Да кому бы и было про это поведать? Шалунам-юнкерам? бабушке? родственникам?.. Никому это не интересно. Но что испытывает поэт, оставаясь без песни? Каково это — всем своим существом чувствовать, что светлый и чистый твой родник погребён под горой строительного мусора, обломками, хламом…
И наконец — пробился на выжженной земле первый росток!
Скажи мне, ветка Палестины: Где ты росла, где ты цвела? Каких холмов, какой долины Ты украшением была? УЭто чудесное, чистое, грустно-тревожное и одновременно мужественное стихотворение, исполненное глубокой, целомудренной веры, буквально «исторглось» у Лермонтова, как выразился его товарищ Андрей Муравьёв, который первым прочёл эти разом написанные строки.
Муравьёв и сам сочинял стихи, но больше интересовался религией, которой посвятил несколько книг, — впоследствии он был камергером, служил в Синоде. Ещё в 1830 году, молодым человеком, он совершил паломничество в Святую землю. Оттуда он привёз пальмовые ветви, одну из которых позже подарил Лермонтову, — поэт хранил её у себя дома, как вспоминают, «в ящике под стеклом». По преданию, с пальмовыми ветвями народ встречал Христа, въезжающего в Иерусалим, — и при этом кричал: «Осанна!» — «Спасение!»

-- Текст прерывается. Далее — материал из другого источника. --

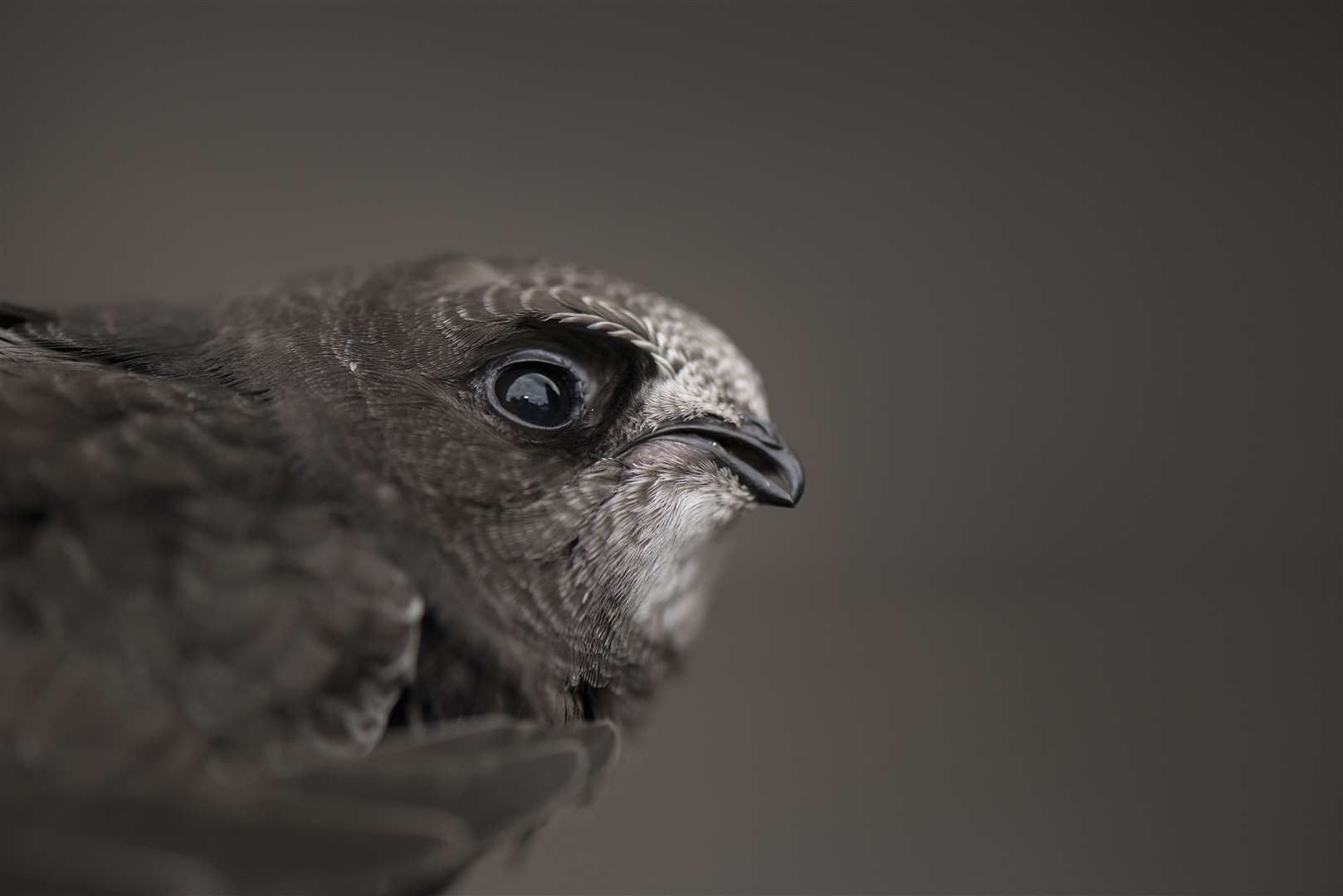 A common swift is among the species to be added to the 2021 red list. Picture: RSPB.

Андрей Николаевич Муравьёв пишет в мемуарах, как однажды поздно вечером Лермонтов приехал к нему и с одушевлением прочёл стихи на смерть Пушкина, которые ему очень понравились. «Я не нашёл в них ничего особенно резкого, потому что не слыхал последнего четверостишия, которое возбудило бурю протеста против поэта. Стихи сии ходили в двух списках по городу, одни с прибавлением, а другие без него, и даже говорили, что прибавление было сделано другим поэтом, но что Лермонтов благородно принял это на себя. Лермонтов просил меня поговорить в его пользу с Мордвиновым, и на другой день я поехал к моему родичу».
Мордвинов был управляющим Третьим отделением; незадолго до этого именно он разбирался с «Маскарадом» и остался «неумолим», не позволив выйти пьесе на сцену.
«Мордвинов был очень занят и не в духе. „Ты всегда с старыми вестями, — сказал он, — я давно читал эти стихи графу Бенкендорфу, и мы не нашли в них ничего предосудительного“. Обрадованный такой вестью, я поспешил к Лермонтову, чтобы его успокоить, и, не застав дома, написал ему от слова до слова то, что сказал мне Мордвинов. Когда же возвратился домой, нашёл у себя его записку, в которой он опять просил моего заступления, потому что ему грозит опасность.